The All-Ireland quarter-final showdown between Kilkenny and Limerick on 31 July 2005 was the sides' first championship meeting in thirty-one years. It was also their first championship encounter outside of an All-Ireland decider. Kilkenny got off to the better start going into a 0-3 to 0-1 lead after ten minutes. Henry Shefflin hit a five-point glut between the nineteenth and 25th-minutes that proved the winning of a game that failed to fire. A goal would have done that, but Limerick’s best chance, netted by Donie Ryan just seconds into the second half, was ruled out for steps. Limerick reduced the gap to just a solitary point with twenty minutes to go, however, Kilkenny held on to secure an 0-18 to 0-13 victory.

Two years later in 2007, Limerick proved to be the surprise package in the championship. After finishing runners-up in the Munster final, subsequent defeats of Clare and a five-goal blitz of Waterford booked their place in the All-Ireland final against reigning champions Kilkenny on 2 September 2007. "The Cats" blitzed Limerick in the opening ten minutes sprinting into a 2-2 to no score lead. Goals from man of the match Eddie Brennan (who scored 1-5) and Henry Shefflin, who eventually went off injured, got Kilkenny off to the dream start. Limerick struggled to get a foothold until a twelfth minute Andrew O'Shaughnessy free. Kilkenny led by eight points at the interval, however, a determined Limerick kept fighting and got their reward in the 47th minute when Ollie Moran blasted home past P. J. Ryan in the Kilkenny goal. Limerick failed to kick on from this and Kilkenny eventually triumphed by 2-19 to 1-15.

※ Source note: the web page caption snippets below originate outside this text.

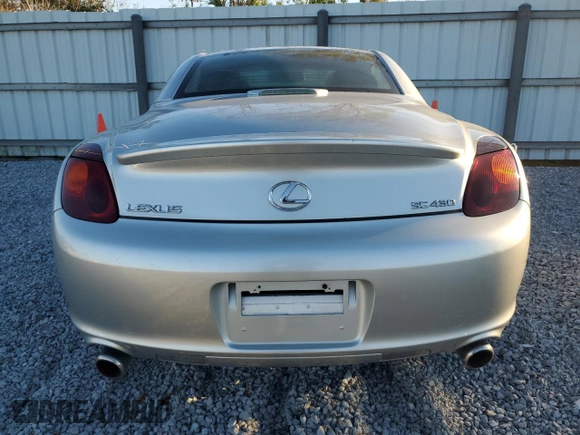 2003 Lexus SC 430 z VIN JTHFN48Y830043145, wystawiony jako Copart lot #88215605 z przebiegiem Nie podano mil oraz Nie do naprawy. Historia ofert i sprzedaży dostępna na DreamBid. Obrazek 6.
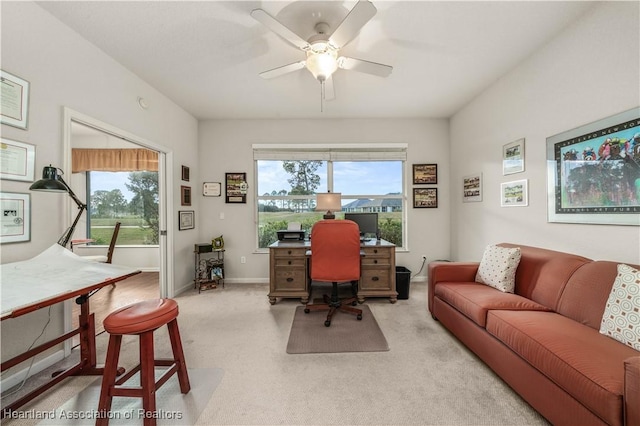 carpeted office space with ceiling fan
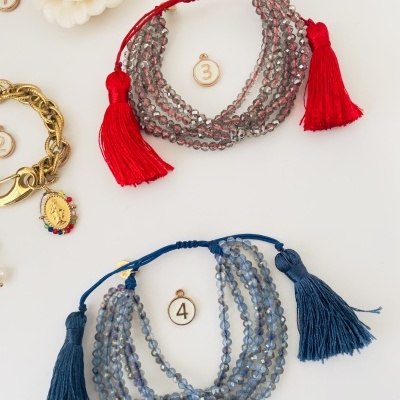 Pulseiras de contas cinza com cordão e tassel vermelho e azul sobre fundo branco.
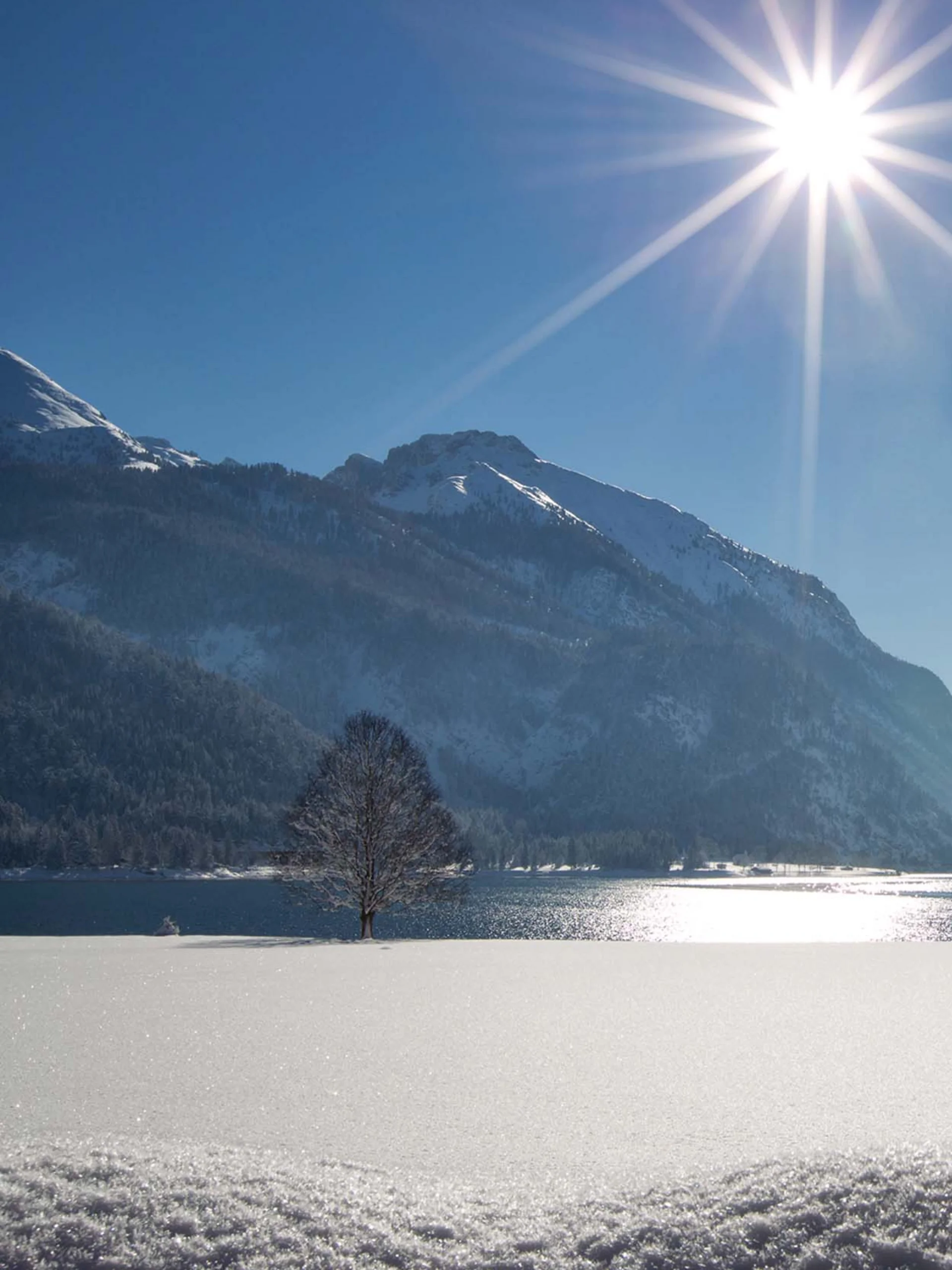 Urlaub im Familienresort in Österreich Schneebedeckter Bergsee bei Sonnenschein mit Bergen und blauem Himmel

On 29 July 2012, a bumper crowd of 38,116 saw Kilkenny take on Limerick in the All-Ireland quarter-final at Semple Stadium. It was their first ever championship clash outside of Croke Park. David Breen drilled in a first-half Limerick goal, but Henry Shefflin responded with two Kilkenny goals in the space of three minutes to give Kilkenny an interval lead of 2-7 to 1-9. In spite of this a shock looked like a very real possibility with Limerick, who had played into a stiff breeze, belying their massive underdog tag with a first-half display of poise and class. Even seven minutes into the second half, that shock still looked likely, with Limerick easily containing the anticipated Kilkenny backlash. The following twelve minutes saw Kilkenny up the ante and score 205 without reply to sink Limerick's challenge. Aidan Fogarty and Colin Fennelly bagged the goals that secured a 4-16 to 1-16 victory.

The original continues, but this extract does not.